Par conséquent, l’engin est extrêmement long et fin : il mesure près de 30,5 mètres de long, pour une envergure d’un peu moins de 9 mètres. Le nez est une caractéristique distinctive de cet avion : il fait environ un tiers de la longueur. De ce fait, c’est grâce à deux caméras vidéo situées au-dessus et au-dessous de l’avion et des écrans haute définition que le pilote peut voir ce qui se trouve devant lui (le nez est bien trop long et profilé pour être équipé d’une fenêtre de cockpit traditionnelle). Un seul moteur, un F414-GE-100 de General Electric Aviation, se trouve à l’arrière ; il contient 22 000 livres d’énergie de propulsion.
Cette forme particulière empêche les ondes générées au niveau du nez de l’appareil de fusionner avec celles produites au niveau de la queue. Résultat : le bang ressenti au sol ne devrait pas dépasser les 75 dB. Selon la NASA, c’est à peu près aussi fort qu’une portière de voiture qui claque dans la rue. « Il se peut même que les gens n’entendent pas du tout le boom, et s’ils l’entendent, ils ne seront certainement pas effrayés, car il sera bas et étalé, et pas si fort que ça », ajoute Craig Nickol, conseiller principal au siège de la NASA.
Objectif : faire évoluer la réglementation
Le X-59 est un simple démonstrateur technologique (et non un prototype). Dans sa forme actuelle, il ne peut d’ailleurs embarquer aucun passager. « Toute conception future d’un avion commercial supersonique à faible boom sera certainement différente de celle du X-59, même si certains éléments de conception pourraient être transposés directement », souligne Nickol.
Une fois que les performances et la « discrétion » du X-59 auront été confirmées, il est prévu d’effectuer dès 2024 une série de vols d’essai au-dessus d’une demi-douzaine de communautés résidentielles à travers les États-Unis, sélectionnées pour offrir un mélange diversifié de conditions géographiques et atmosphériques.
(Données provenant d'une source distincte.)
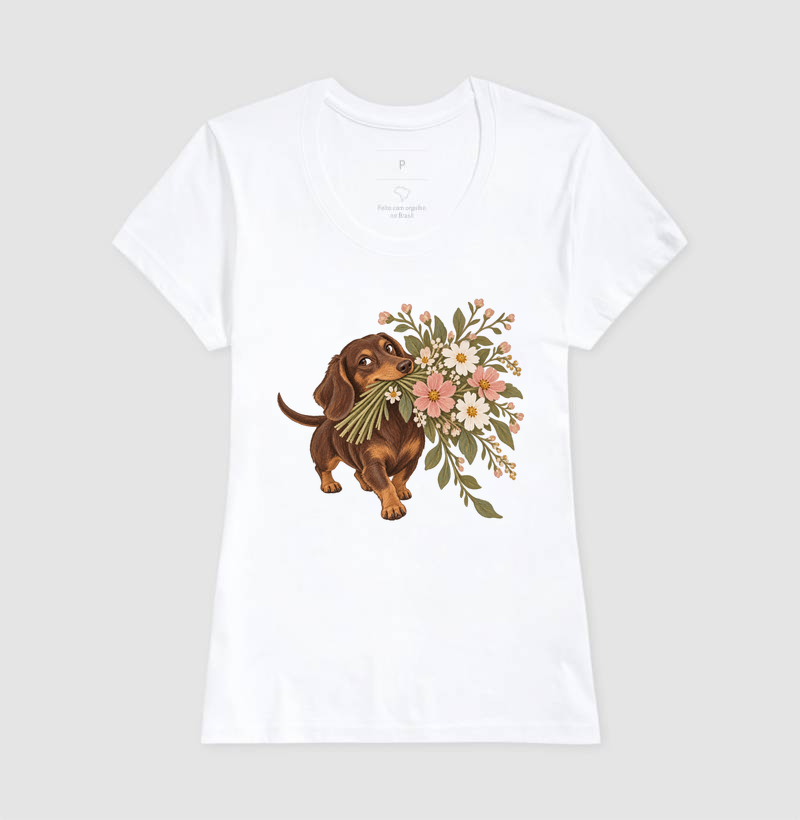 Trouxe Flores - Imagem 6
L’objectif est de vérifier que le plafond de 75 dB est jugé acceptable par la population – la condition sine qua none pour envisager le retour du transport de passagers à des vitesses supersoniques.
Les données recueillies seront ensuite présentées à l’Organisation de l’aviation civile internationale, qui est chargée de la réglementation sur le bruit des avions. Si les mesures antibruit de la NASA sont jugées efficaces, il se pourrait que la réglementation évolue lors d’une réunion internationale prévue en 2028. Le X-59 pourrait ainsi ouvrir la voie à une nouvelle génération d’avions de ligne supersoniques. À Mach 1,4, un vol de Los Angeles à New York ne prendrait que 2h30 (contre 5 heures à vitesse standard).
Et contrairement au Concorde qui était réservé à une clientèle plutôt aisée, Nickol estime que les appareils supersoniques pourraient rapidement devenir accessibles à un plus large public. « Si vous regardez 100 ans en arrière, beaucoup de technologies de mobilité avancées, y compris les chemins de fer et les avions, ont commencé comme des expériences haut de gamme, mais à mesure que la technologie a progressé et que les coûts ont baissé, elles sont devenues accessibles au grand public », a-t-il déclaré à CNN. Selon David Richardson, directeur du programme X-59 de Lockheed Martin, les vols pour le grand public pourraient avoir lieu dès 2035.